The resulting object was a `list` of values, which happen to be individual words!

Do you remember `len()`? How can we use `len()` and `str.split()` to count the number of words in a string?

In [None]:
# how to use len() and .split() to count the total number of words?

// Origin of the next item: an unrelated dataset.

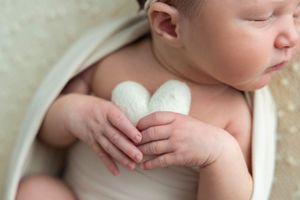 Sleeping newborn baby holding a small white heart-shaped prop, wrapped in a cream swaddle blanket.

## **Types, tokens, and TTR**

- types: unique words
- tokens: occurences of unique words
- type-token ratio (TTR): measure of lexical repetition in text

#### use `set()` to find unique instances of items in a sequence
- `set(tokens)` = all unique values

#### use `len()` and `set()` to calculate TTR

- `len(set(tokens))` / `len(tokens)`

In [None]:
# load in a text
turtles = """teenage mutant ninja turtles, 
            teenage mutant ninja turtles, 
            teenage mutant ninja turtles, 
            heroes in a halfshell, turtle power!"""

In [None]:
# convert to tokens using `.split()`
turtle_tokens = turtles.split()

In [None]:
# look at the tokens
turtle_tokens

In [None]:
# use `len()` to count the number of words
len(turtle_tokens)

In [None]:
# use `set()` to get just the unique words
turtle_types = set(turtle_tokens)
turtle_types

In [None]:
# use len() and set() to count the number of types..
len(turtle_types)

In [None]:
# finally...calculate the TTR!
len(turtle_types) / len(turtle_tokens)

### Problems with `.split()`

- punctuation is retained
- not all languages use whitespace

In [None]:
yadda = 'yadda, yadda, yadda!'

set(yadda.split())

In [None]:
# not all languages use whitespace
zhongwen = '对不起我的中文不好'

zhongwen.split()

## **Tokenizing with NLTK**
- NLTK = [Natural Language ToolKit](https://www.nltk.org/book/)
- NLTK has a better method to tokenize words
- To use NLTK:
    - import the `nltk`` library
    - download some resources

Then use `nltk.word_tokenize()` to obtain tokens

In [None]:
# import the library and download required resources
import nltk
nltk.download('punkt')

### Compare `str.split()` and `nltk.word_tokenize()` on the same text

- NLTK function treats punctuation as a token
- does this create any new challenges for text metrics?

In [None]:
# .split() keeps punctuation attached to the word
split_yadda = yadda.split()

print(split_yadda)

In [None]:
# nltk tokenizer recognises punctuation
nltk_yadda = nltk.word_tokenize(yadda)

print(nltk_yadda)

In [None]:
# implications for contractions
nltk.word_tokenize('You know we\'re living in a society!')

In [None]:
# Tokenize some text!


## **Word Frequency**

- the `nltk.FreqDist()` function quickly provides the frequency distribution of words in your text

In [None]:
# create a variable from our turtle text
turtles_fdist = nltk.FreqDist(nltk.word_tokenize(turtles))

In [None]:
# look at the whole thing
turtles_fdist

In [None]:
# Top 3 most frequent words in this text?
turtles_fdist.most_common(3)

In [None]:
# frequency of a specific word?
turtles_fdist['mutant']

In [None]:
# the ".hapaxes" shows you words with only occur once
turtles_fdist.hapaxes()

#### Frequency Distribution Functions

`fdist = nltk.FreqDist(tokens)`

Information|Syntax
-|-
Total number of words in the sample|`fdist.N()`
Frequency of any particular word|`fdist[word]`
Words which occur one time|`fdist.hapaxes()`
Top n most frequent words|`fdist.most_common(n)`
Plot the distributioon|`fdist.plot()`

### How about a more interesting text?

- let's load in a longer text, the short story [They're Made out of Meat](https://www.mit.edu/people/dpolicar/writing/prose/text/thinkingMeat.html)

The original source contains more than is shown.